Uno de los lugares predilectos de Catalina para recogerse a meditar era el banco que había junto al surtidor del claustro. Una tarde, cuando ya hacía cuatro meses que se había refugiado en el convento, vio venir por el ambulacro de los tilos la inconfundible figura del padre Landero, acompañado de un caballero de negro porte cuya imagen le era vagamente familiar. Al principio dudó, pero cuando ya estuvieron más cerca su corazón dio un brinco al reconocer la austera figura de don Suero de Atares, ayo, que lo había sido, de Diego. La muchacha se puso en pie para recibirlo, pero cuando ambos hombres llegaron hasta ella se hizo un embarazoso silencio. Don Suero la había tratado siempre como Alonso Díaz y su nueva imagen lo cohibía y no sabía qué tratamiento darle.
—Catalina, tenéis un distinguido visitante —dijo el padre.
—¿Cómo estáis, Alonso?
—¡Qué inmensa alegría tengo, don Suero! La única que he tenido desde que su paternidad tuvo a bien acogerme.

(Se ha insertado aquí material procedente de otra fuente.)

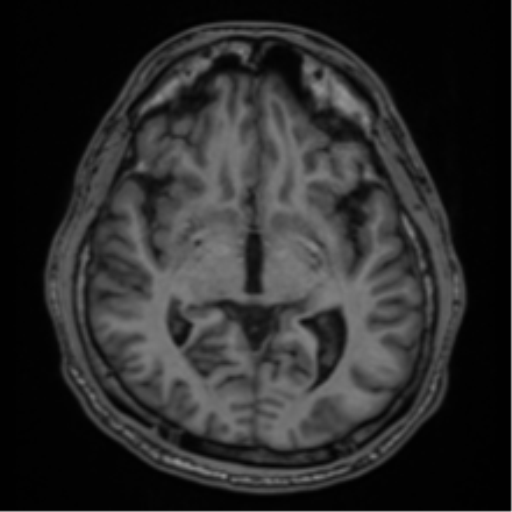 CNS vasculitis (Radiopaedia 55715-62263 Axial T1 22).png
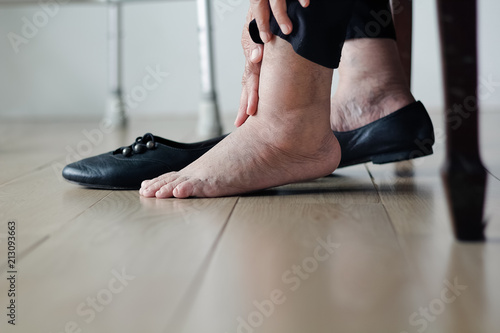 Elderly woman swollen feet putting on shoes photo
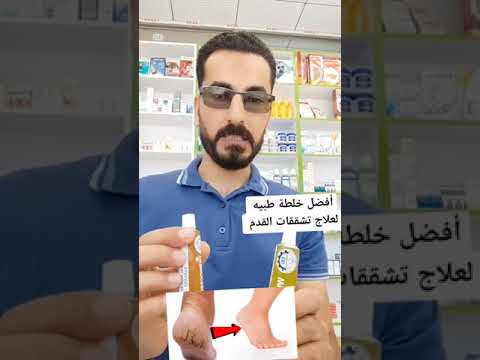 أفضل وصفه من الصيدليه لعلاج تشققات القدم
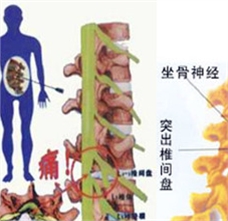 腰椎間盤(pán)突出患者怎樣注意睡姿和適當(dāng)?shù)倪\(yùn)動(dòng)
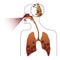 Colds and inflammation. Flu. Silhouette of human lungs with coronavirus. Pneumonia illustration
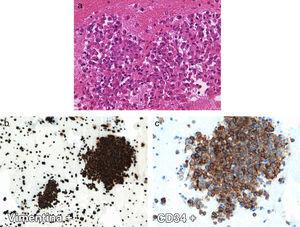 Histology images of the solitary fibrous tumor: (a) hematoxylin–eosin stain (40×) with few small, round, neoplastic cells, limited eosinophilic cytoplasm and eccentric round nuclei; (b and c) stain for immunohistochemistry study (20–40×, respectively): intense positivity of the neoplastic population for vimentin and CD34.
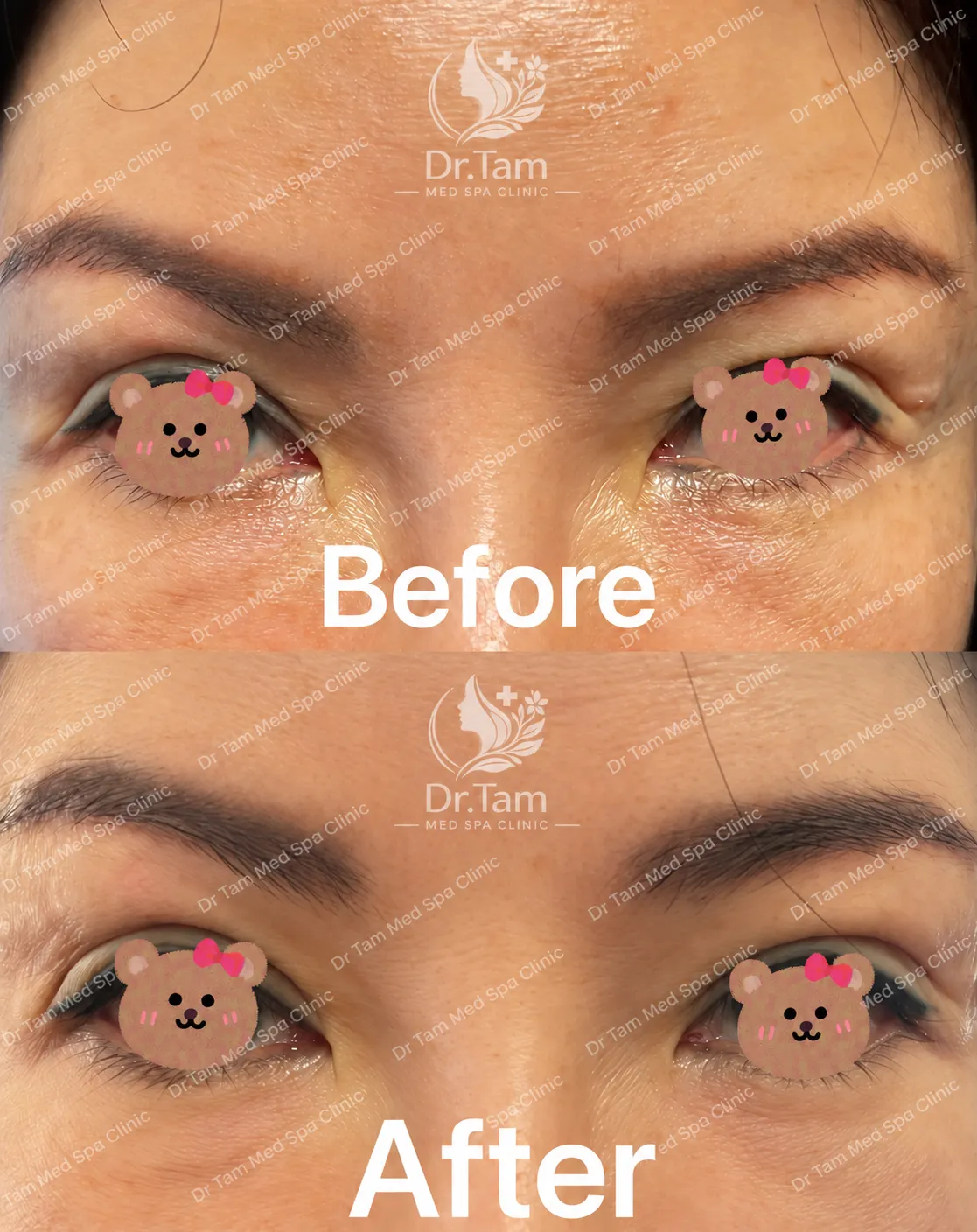 Patient-authorized before-and-after eye-area photographs associated with a Thermage treatment, with Dr Tam Med Spa Clinic watermarks and logo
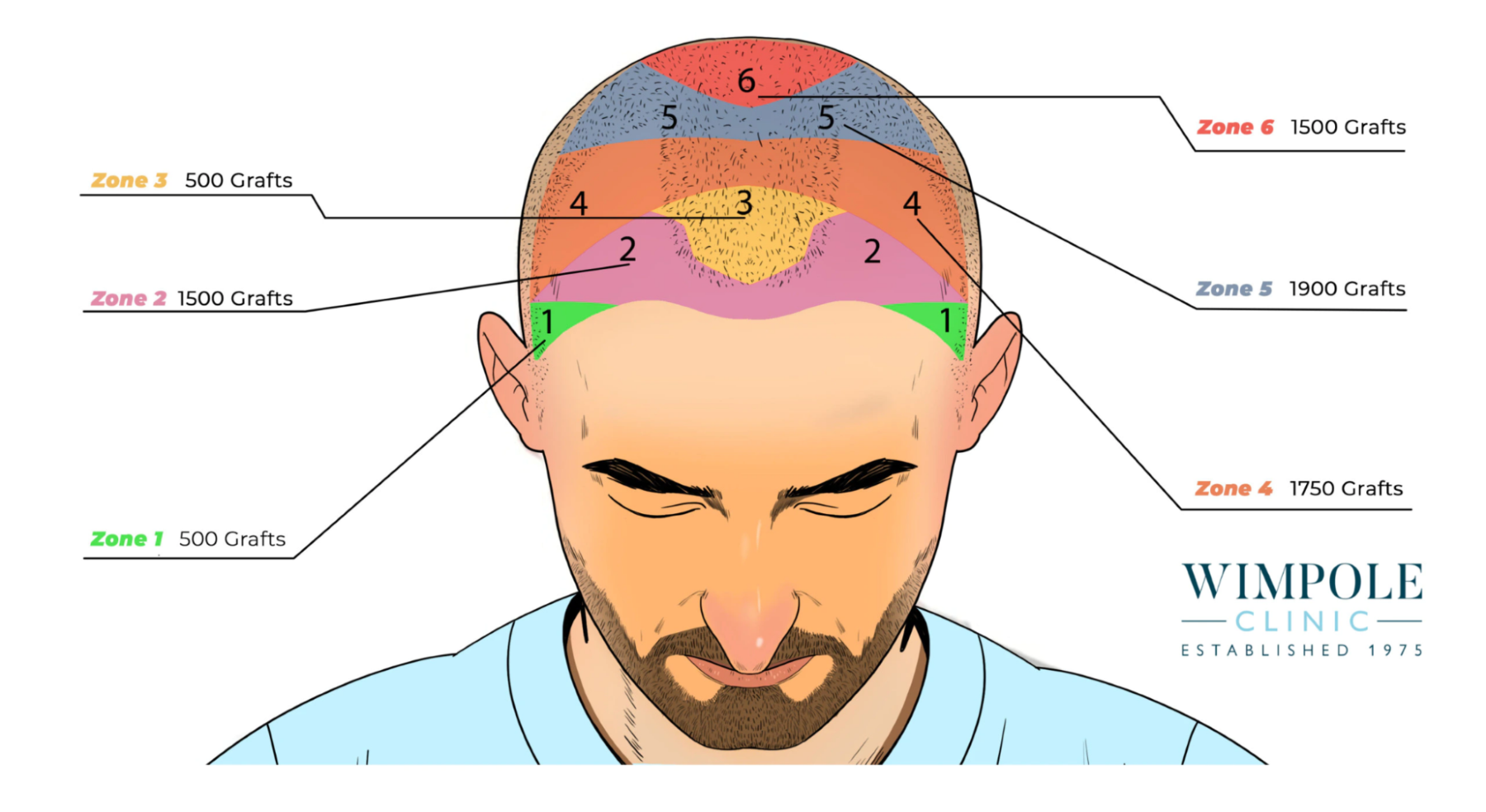 Hair graft calculator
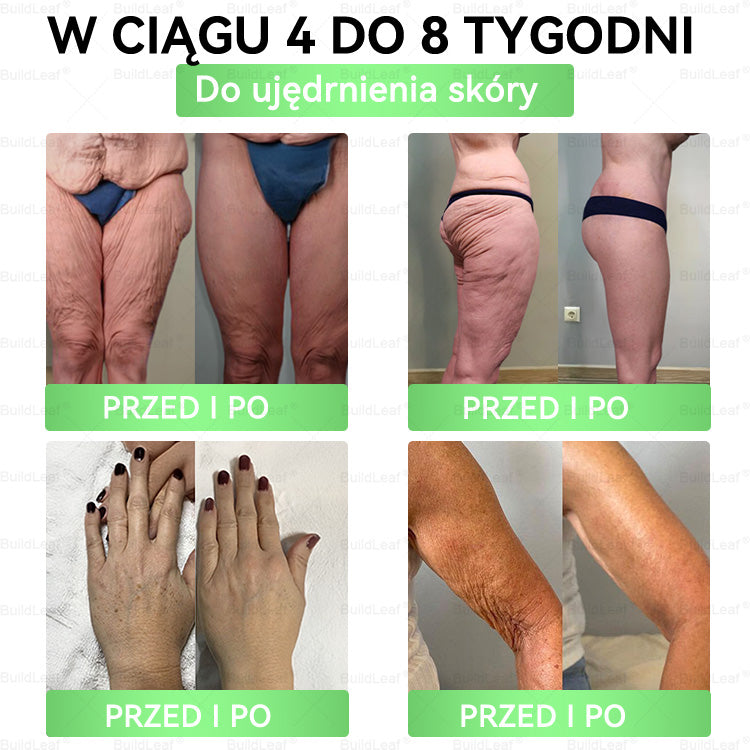 ♻️♻️♻️𝖮𝖋𝗶𝗰𝗷𝗮𝗹𝗻𝘆 𝘀𝗸𝗹𝗲𝗽 | 👩⚕️𝘽𝙪𝙞𝙡𝙙𝙇𝙚𝙖𝙛® 𝗚𝗟𝗣-𝟭 𝟖-w-𝟭 𝗦𝗹𝗶𝗺 & 𝑯𝒆𝒂𝒍𝒕𝐡𝐲 𝑶𝒓𝒂𝒍 𝑺𝒐𝒍𝒖𝒕𝒊𝒐𝒏 (𝑟𝑎𝑧 𝑑𝑧𝑖𝑒𝑛𝑛𝑖𝑒, 𝑟𝑒𝑧𝑢𝑙𝑡𝑎𝑡𝑦 𝑤 7 𝑑𝑛𝑖),Wspiera odchudzanie, serce, cukrzycę, sen, jelita, stawy, a także ujędrnia skórę i dodaje energii✅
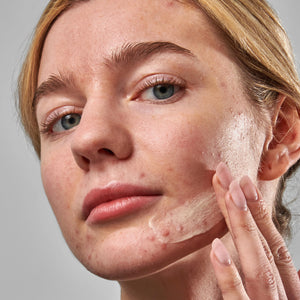Female model applying Blemish Clearing Moisturizer to her face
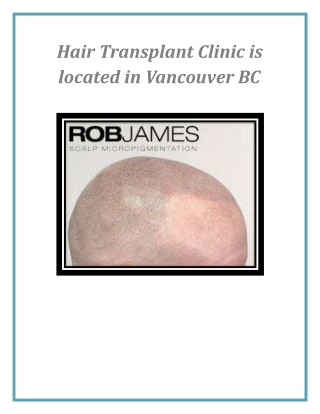 Hair Transplant Clinic is located in Vancouver BC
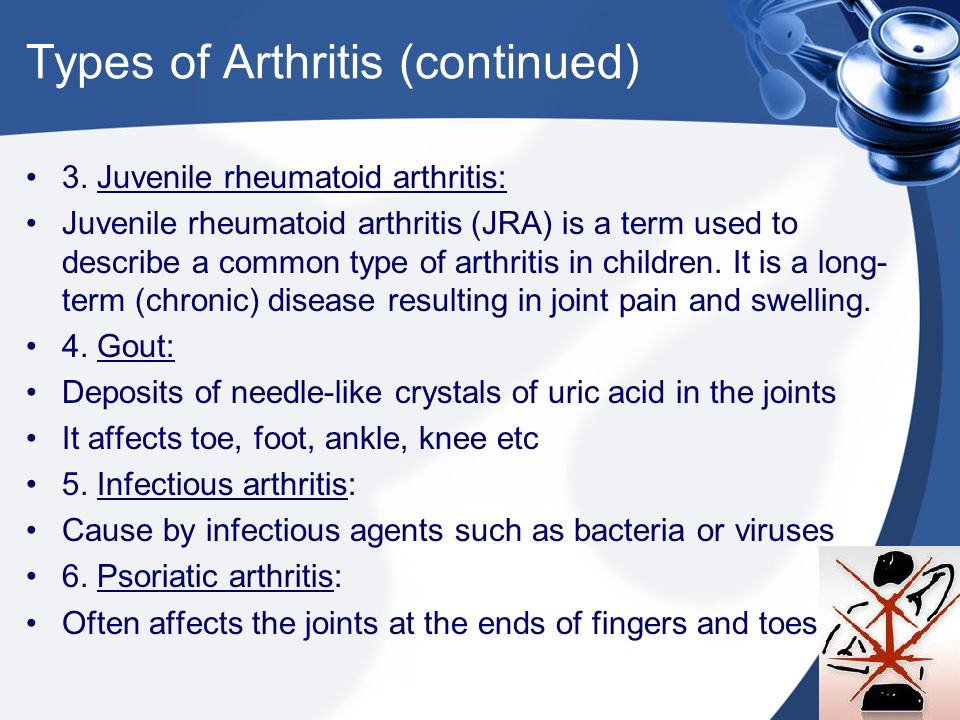 Types of Arthritis (continued) 3.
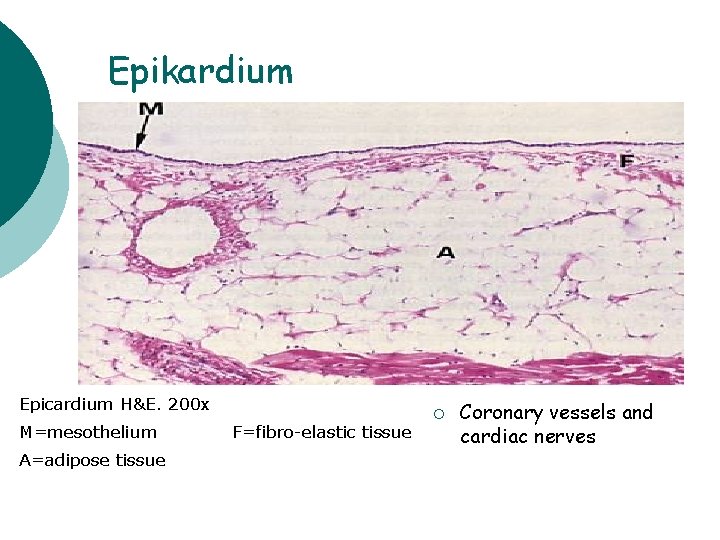  Epikardium Epicardium H&E. 200 x M=mesothelium A=adipose tissue F=fibro-elastic tissue ¡ Coronary vessels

—Yo les voy a dejar. Mis obligaciones me reclaman y creo que vuesas mercedes tiene una cantidad inmensa de cuestiones que aclarar.
Tras esta introducción el jesuita se retiró, dejando al viejo ayo y a Catalina frente a frente.
—Perdonadme, pero no sé cómo debo llamaros. —Don Suero había roto el hielo.
—Llamadme como gustéis. Estoy tan feliz de veros de nuevo que lo de menos son las formas. Pero sentémonos, don Suero, ¡tenemos tanto de qué hablar!
Sin dejar de mirarse, ambos tomaron asiento en el banco de madera.
—A pesar del alto precio que todos hemos pagado, me alegro infinito de veros con vida... Catalina.
—¿Cómo se encuentra el señor marqués de Torres Claras?
—Podéis imaginarlo, transido de dolor; su cabeza va desde la razón al desvarío y cada día empeora. Diego era lo que más amaba en este mundo y su muerte le ha envejecido diez años, pero estoy aquí cumpliendo un mandato suyo y, pese a lo ocurrido, jamás dudó de vos y nunca aceptó que fuerais lo que se ha querido hacer creer a la gente. Contádmelo todo, Catalina, ahora ya todo da igual y lo único que nos queda es intentar que la justicia repare tanto desafuero.
Y de nuevo la muchacha comenzó a desgranar su historia, interrumpida a veces por don Suero, que deseaba aclarar ciertos puntos.
—... Fue por eso que huí de San Benito. Querían que cargara con la culpa de la muerte de la priora, cuando lo cierto fue que yo la amé siempre.
—Pero cuando Diego y yo os salvamos de la paliza que os dieron aquellos malandrines, ya andabais vestida de muchacho.
—¿Cómo queréis que anduviera los caminos? ¿Tal vez vestida de monja?
—Ya os comprendo, pero cuando os recogimos ¿por qué no declarasteis vuestra auténtica condición?